Although Québec has not followed its provincial counterparts, measures have been nonetheless put into place to assess the extent of real estate transactions carried out in the province of Québec. In fact, on October 1, 2020, the “Règlement sur le formulaire de présentation de la réquisition d’inscription d’un transfert immobilier” came into force, which made changes to the information requested when registering deeds of transfer at the Land Registry Office. More specifically, the applications for registration submitted from the Service en ligne de réquisition d’inscription (SLRI) must now include declarations regarding the residency status of parties to these transfers, whether they are residents or non-residents.
The adoption of the Regulation follows the amendments made to the Act Respecting Duties on Transfers of Immovables in June 2018. The new provisions of this Act notably enabled the Minister of Energy and Natural Resources (MERN) to collect information regarding the citizenship of transferors and transferees for the purposes of the development, by the Minister of Finance, of economic, fiscal, budgetary and financial policies in accordance with section 2 of the Act respecting the Ministère des Finances.

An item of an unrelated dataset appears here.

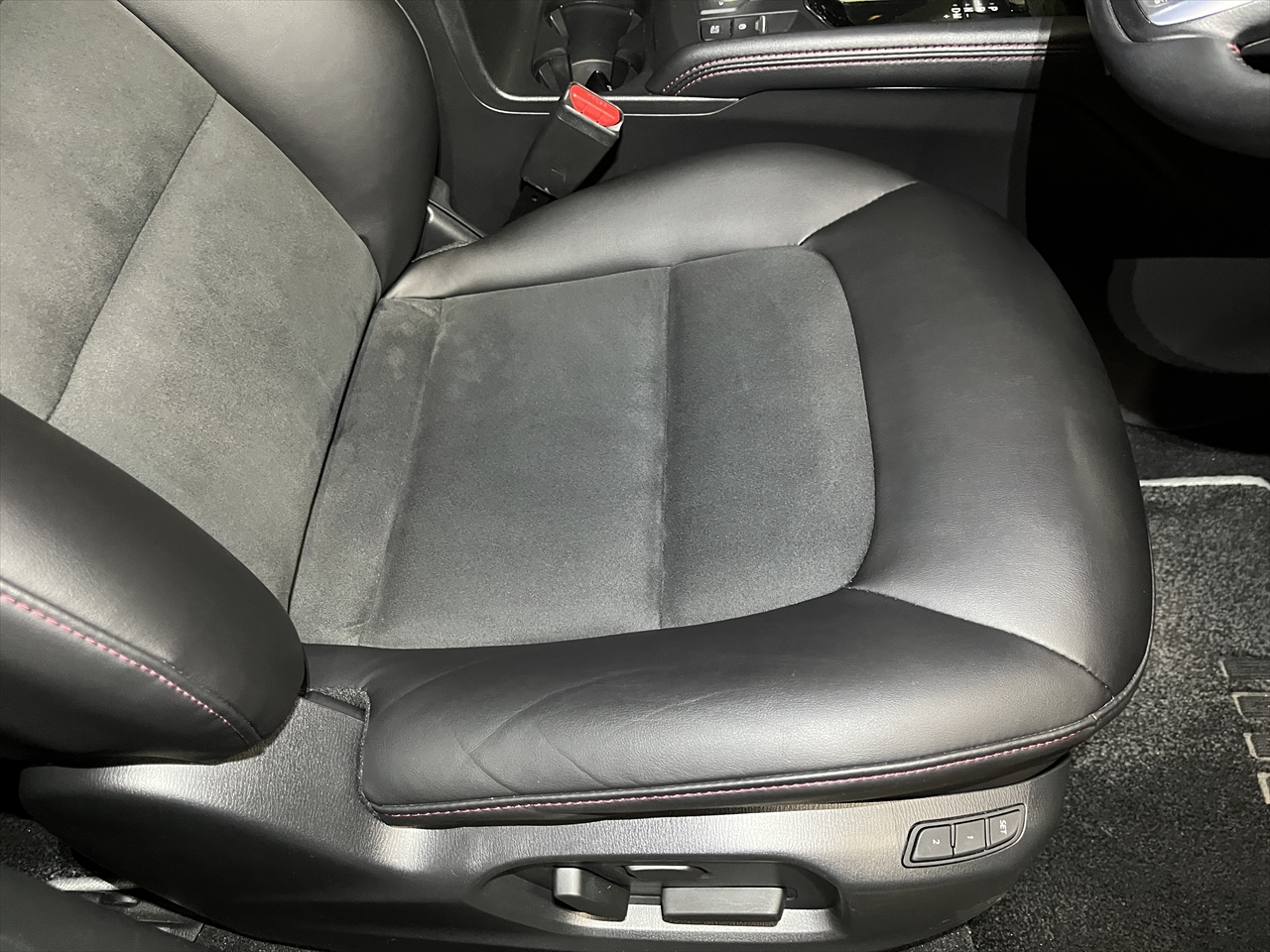 車内クリーニング (お漏らし 運転席シート)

Here are some important elements of this new Regulation:
Section 2 of the Regulation sets out that in addition to the information required by section 2982 of the Civil code of Québec, the following declarations must be made, both be the transferor and the transferee:
In the case of a natural person:
- their citizenship
- their permanent resident status, if applicable, as defined in the Immigration and Refugee Protection Act
- the intention of the transferee to occupy the immovable or for it to be occupied by a member of their family as a main residence
In the case of a legal person:
- the state, province or territory in which it was constituted
- if it has completed at least one tax year, whether it is a resident or deemed resident of Canada within the meaning of the Income Tax Act for its first completed tax year before the date of the document evidencing the transfer
In the case of a trust or a partnership:
- the state, province of territory in which the contract establishing the trust or the partnership was constituted
- in the case of a general partnership, if at least half of its member are foreigners within the meaning of the Income Tax Act
- in the case of a limited partnership, if a general partner is a foreigner
- in the case of a trust, if it has completed at least one tax year, whether it is a resident or deemed resident of Canada within the meaning of the Income Tax for its first completed tax year before the date of the document evidencing the transfer
It should be noted that the notion of “sale” includes any assignment, sale with a right of redemption, sale by the creditor, sale under judicial authority and sale for non-payment of property taxes.

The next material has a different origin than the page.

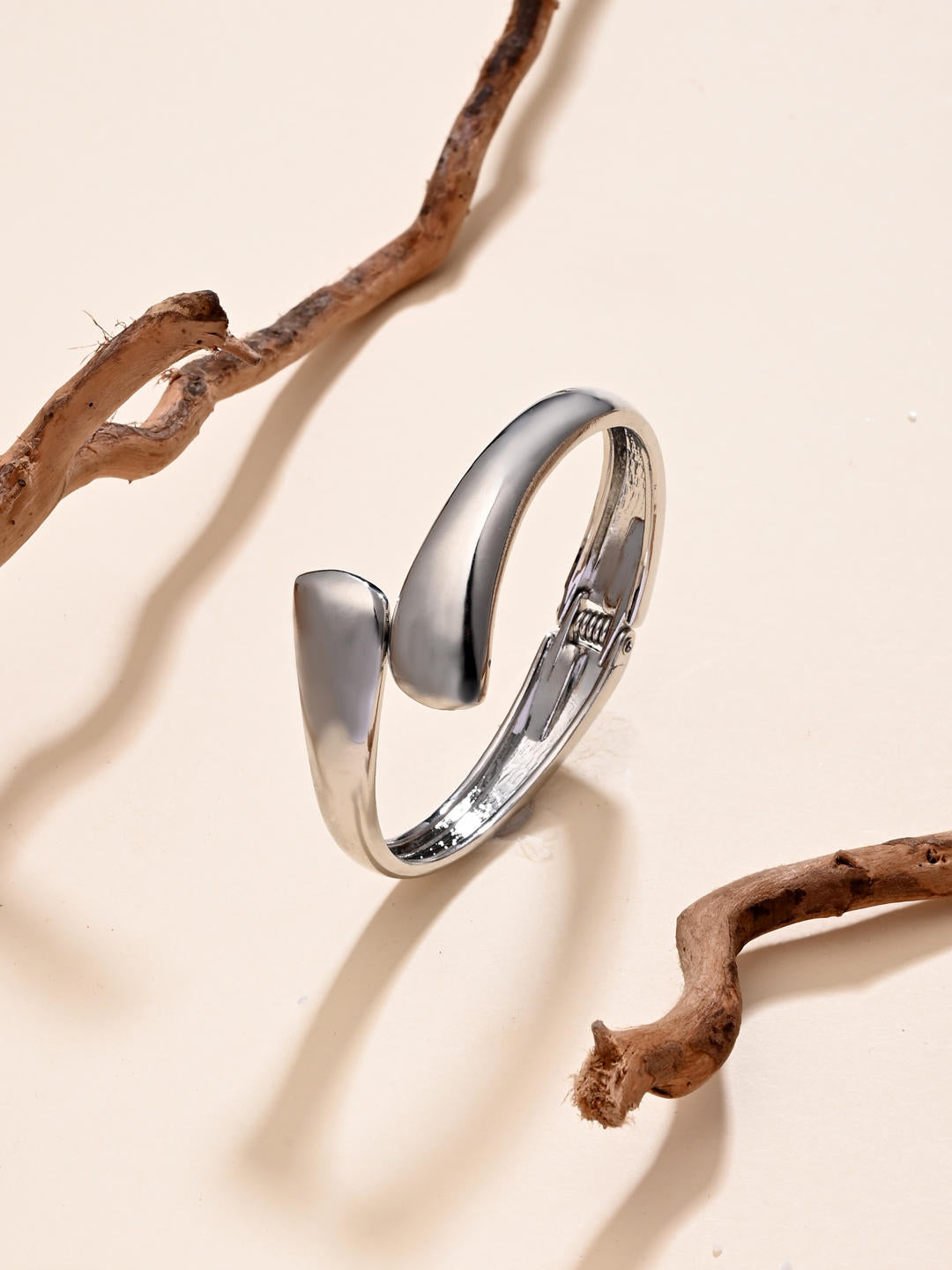 Fluid Crest Open Bangle – Silver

Some exceptions provided by law
Section 3 of the Regulation sets out four (4) exceptions to the obligation to provide the information mentioned in Section 2. These exceptions only apply to a transferor acting for an owner as part of their functions. These exceptions are:
- for the one who acts as a trustee or liquidator of a succession for the one who acts in their quality of trustee or liquidator of a succession within the context of the exercise of a hypothecary right
- within the context of the forced execution of a judgment for the non-payment of property taxes
To facilitate the preparation of applications for registrations and obtaining the necessary information, the MERN has made available to legal professionals a declaration form for the transferor and the transferee, which contains all the information that must be registered through the SLRI .
It goes without saying that this Regulation is not without impact for the parties to a real estate transfer and their legal advisers. The application of the new provisions of this Regulation creates an additional burden on legal professionals when registering a deed of transfer. The new requirements related to the registration is these deeds could imply an increase in legal fees for the parties to a transfer, as it involves an increase in the work of jurists and other professionals involved, no only as regards to the registration process, but in determining the residency status of a legal person, which is not always an easy task.